Loading the Bobcat. Bobcat Ramp Optional

Loading the Bobcat. Bobcat Ramp Optional

This fellow did a dangerous thing. It’s not the thing you think is dangerous. It’s something else. He doesn’t have a Bobcat ramp? So what.

What you’re looking at is someone who’s completely comfortable with the tools he’s using. He knows them inside out. He didn’t try doing a handstand in his Bobcat on his first day at work. He’s learned, through hard knocks and repeated effort. He understands better than many safety obsessed people what’s dangerous and what isn’t. He understands, instinctively, what his talent and his tools are capable of.

If he’s taking risks, they’re calculated risks. He also understands that risks have trade-offs. He’s saving money for himself and his clients by performing his work with the absolute minimum equipment necessary to get the job done. He’s not a mindless drone in a large organization, either. If he wrecks his Bobcat, he won’t eat next week. That focuses the mind more acutely than knowing your boss will yell at you.

So he knows what he’s doing, and it’s always fun to watch people who are really good at anything. He doesn’t need a Bobcat ramp.
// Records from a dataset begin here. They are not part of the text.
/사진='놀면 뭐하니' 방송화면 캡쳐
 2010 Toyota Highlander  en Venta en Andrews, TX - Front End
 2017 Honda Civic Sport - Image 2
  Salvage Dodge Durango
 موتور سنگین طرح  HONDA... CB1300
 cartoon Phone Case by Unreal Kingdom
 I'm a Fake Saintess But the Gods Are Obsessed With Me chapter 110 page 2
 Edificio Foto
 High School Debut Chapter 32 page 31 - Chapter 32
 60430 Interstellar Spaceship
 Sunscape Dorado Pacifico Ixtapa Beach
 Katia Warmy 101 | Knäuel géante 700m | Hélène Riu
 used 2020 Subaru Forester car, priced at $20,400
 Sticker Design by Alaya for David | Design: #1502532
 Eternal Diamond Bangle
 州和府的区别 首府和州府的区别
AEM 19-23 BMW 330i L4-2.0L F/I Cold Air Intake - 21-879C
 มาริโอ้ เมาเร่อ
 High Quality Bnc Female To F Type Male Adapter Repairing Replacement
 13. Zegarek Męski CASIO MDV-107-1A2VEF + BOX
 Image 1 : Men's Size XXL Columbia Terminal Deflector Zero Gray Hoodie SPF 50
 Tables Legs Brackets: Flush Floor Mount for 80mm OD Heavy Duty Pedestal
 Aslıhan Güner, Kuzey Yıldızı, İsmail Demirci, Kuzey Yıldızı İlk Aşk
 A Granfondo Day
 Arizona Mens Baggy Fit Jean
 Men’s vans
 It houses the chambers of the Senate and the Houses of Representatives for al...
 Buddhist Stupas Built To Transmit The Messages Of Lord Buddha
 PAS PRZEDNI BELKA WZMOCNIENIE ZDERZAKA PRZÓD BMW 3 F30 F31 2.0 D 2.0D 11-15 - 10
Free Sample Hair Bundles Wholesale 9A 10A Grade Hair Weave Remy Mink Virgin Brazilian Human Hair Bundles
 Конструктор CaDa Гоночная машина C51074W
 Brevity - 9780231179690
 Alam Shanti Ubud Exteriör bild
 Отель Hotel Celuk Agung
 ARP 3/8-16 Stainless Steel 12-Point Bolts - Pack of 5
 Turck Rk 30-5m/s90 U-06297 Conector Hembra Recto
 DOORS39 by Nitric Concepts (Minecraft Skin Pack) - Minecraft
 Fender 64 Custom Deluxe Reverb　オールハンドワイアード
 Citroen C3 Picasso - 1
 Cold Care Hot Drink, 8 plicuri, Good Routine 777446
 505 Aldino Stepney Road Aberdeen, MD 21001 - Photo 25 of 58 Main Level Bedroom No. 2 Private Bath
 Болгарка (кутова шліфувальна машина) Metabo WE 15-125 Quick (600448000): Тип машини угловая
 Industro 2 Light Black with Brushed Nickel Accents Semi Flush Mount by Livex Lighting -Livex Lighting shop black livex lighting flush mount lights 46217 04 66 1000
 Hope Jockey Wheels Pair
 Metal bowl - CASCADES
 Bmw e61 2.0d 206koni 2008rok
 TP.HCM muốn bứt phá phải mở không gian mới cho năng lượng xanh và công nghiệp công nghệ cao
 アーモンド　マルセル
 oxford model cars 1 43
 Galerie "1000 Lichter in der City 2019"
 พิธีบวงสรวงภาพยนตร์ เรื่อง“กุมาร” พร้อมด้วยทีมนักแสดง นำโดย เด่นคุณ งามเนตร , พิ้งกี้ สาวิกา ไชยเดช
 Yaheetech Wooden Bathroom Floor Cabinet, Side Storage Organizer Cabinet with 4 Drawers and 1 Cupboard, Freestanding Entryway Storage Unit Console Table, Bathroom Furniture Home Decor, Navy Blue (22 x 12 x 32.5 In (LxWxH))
Oh, yes, I almost forgot, I did mention one quibble in the first paragraph. He shouldn’t jump out of the bed of the dump truck like that. It’s dangerous. You could turn an ankle.

(Thanks to faithful reader HJ Briscoe for sending that one along)

2 thoughts on “Loading the Bobcat. Bobcat Ramp Optional

  1. The wife and I were recreating in the mountains a few years back, and watched from a long view a logger, standing by the raging river, radio the logger helicopter. Helicopter puts log across river, maybe 50-70 feet across, and logger walks across on the log.

    Some people just roll the right way.

  2. As long as he secured the load properly for transportation he’s good to go. You could get a ticket for improper use of safety chains.